The fast-fashion giant, in concert with its lenders, plans liquidation sales at US stores "while simultaneously conducting a court‑supervised sale and marketing process for some or all of its assets," according to a press release from F21 OpCo LLC, operator of the brand in the United States.

The move marks the second Chapter 11 bankruptcy reorganization in six years by Forever 21, following a 2019 filing that significantly shrank the chain's store fleet.

The chain currently has 540 stores, according to its website.

The company's American stores "will remain open and continue serving customers" throughout the process, while locations outside the United States, which are operated by other licensees, are not part of the bankruptcy plan, the company said.

Founded in Los Angeles in 1984 by South Korean husband-and-wife Do Won and Jin Sook Chang, Forever 21 became a ubiquitous presence in shopping malls across the United States, offering teen customers imitations of high-fashion brands at rock bottom prices.

But Neil Saunders, managing director of GlobalData, said the company had been buffeted in recent years with "dual headwinds" from a weak apparel market and stiff competition from cheap Chinese marketplaces.

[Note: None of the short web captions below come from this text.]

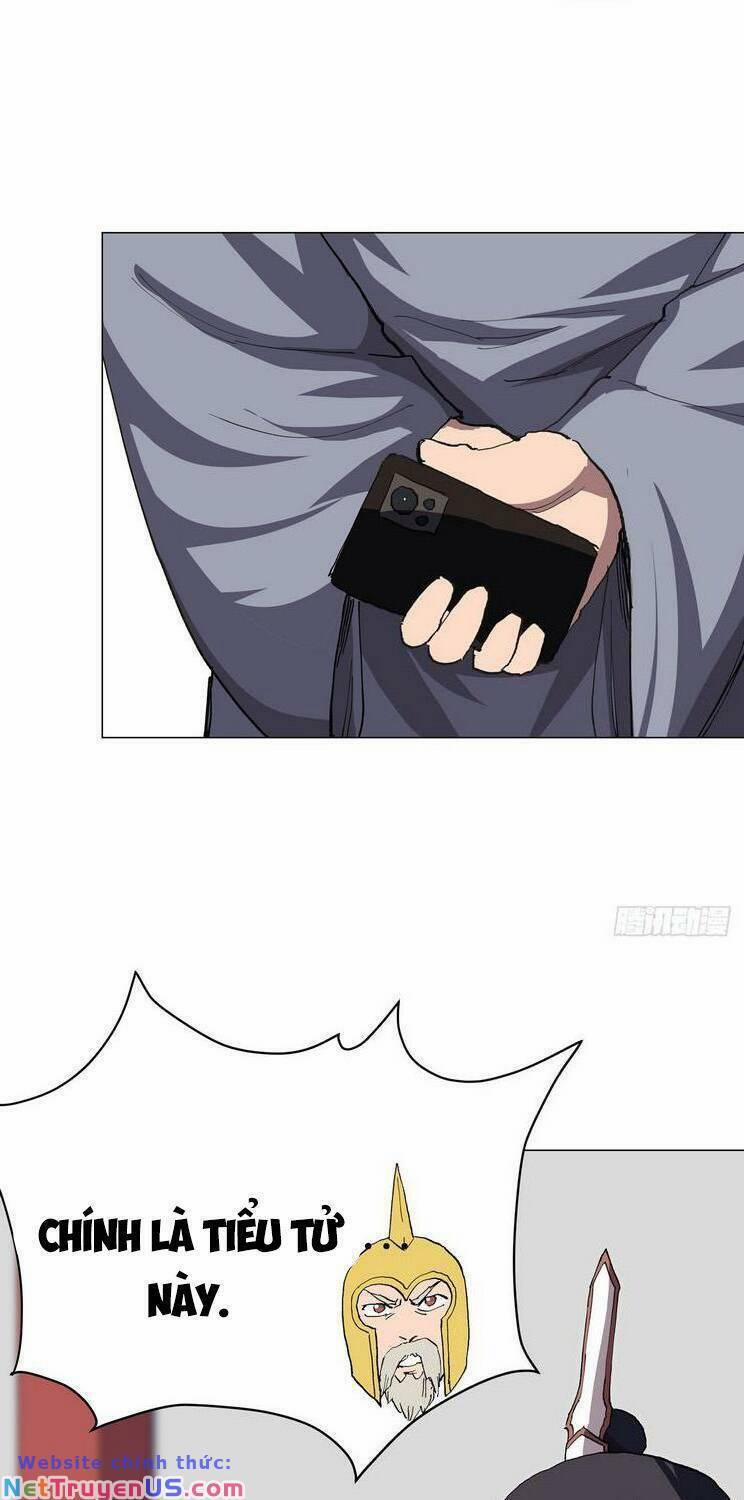 Tu Tiên Giả Đại Chiến Siêu Năng Lực 295 trang 2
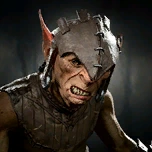 Мародер Гломп портрет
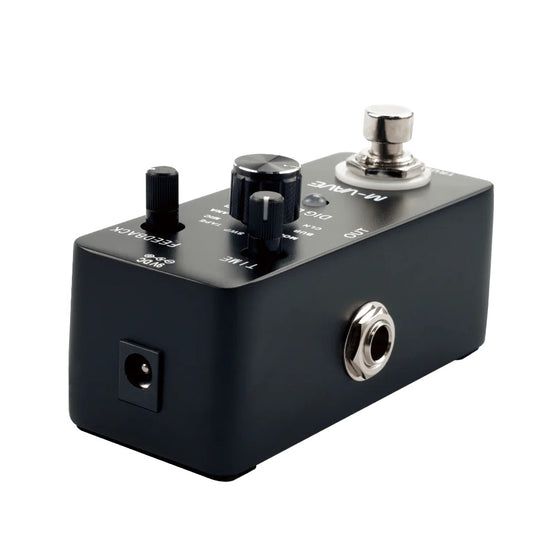 Pedal Guitar M-Vave DIG Delay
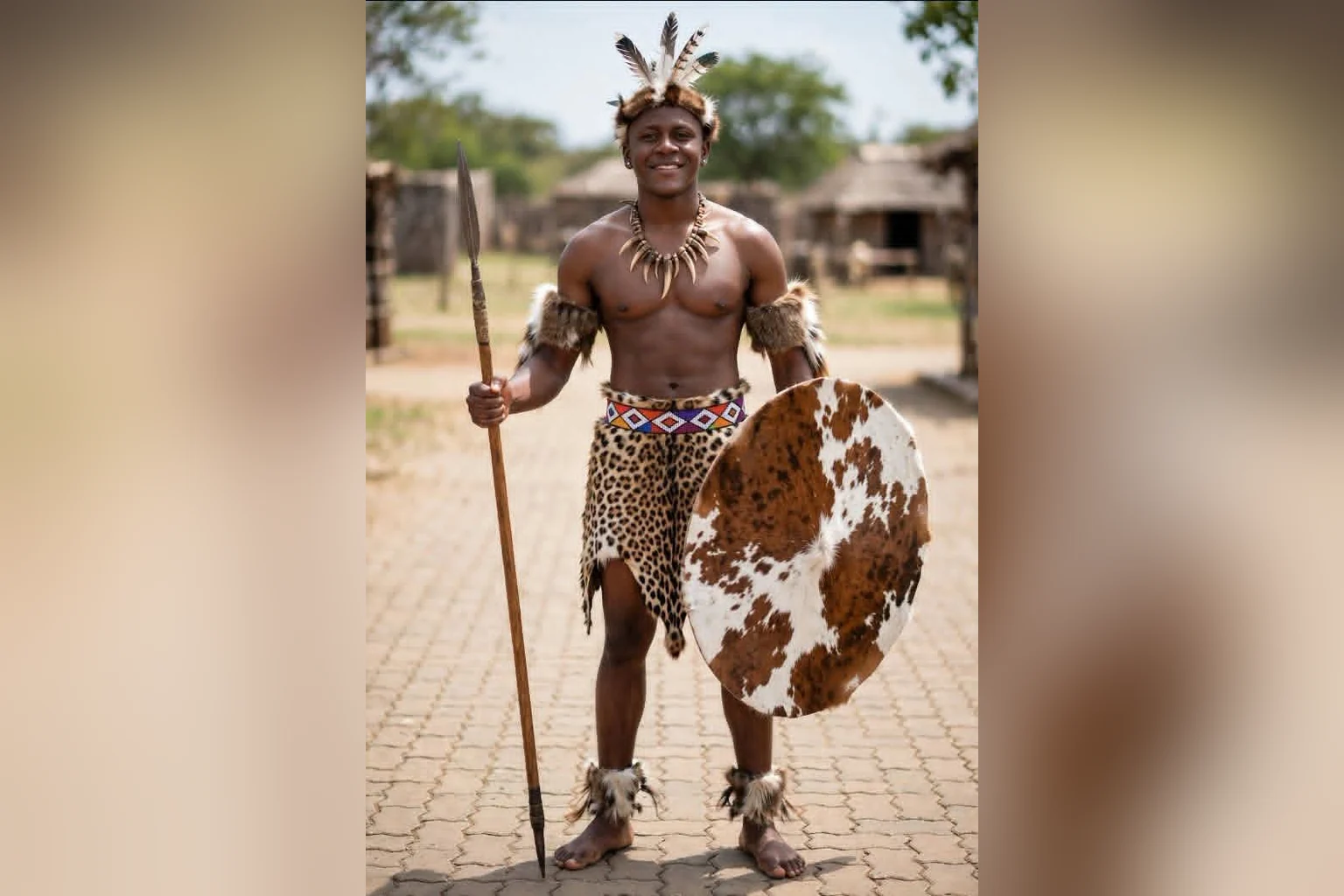 Popular Limpopo Comedian ‘Skeem Mafenya’ Stabbed to Death, Police Launch Manhunt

"Forever 21 has not helped itself through these challenges: merchandising and the assortment have been lackluster, and the brand has lacked any clear point of view for a long time," Saunders said in a note.

"The net result is that more and more customers, especially those at the younger end of the market, have abandoned it."

Saunders pointed to the possibility that the brand could endure online through a licensing sale which would likely entail a price that "would need to reflect its now diminished status," he said.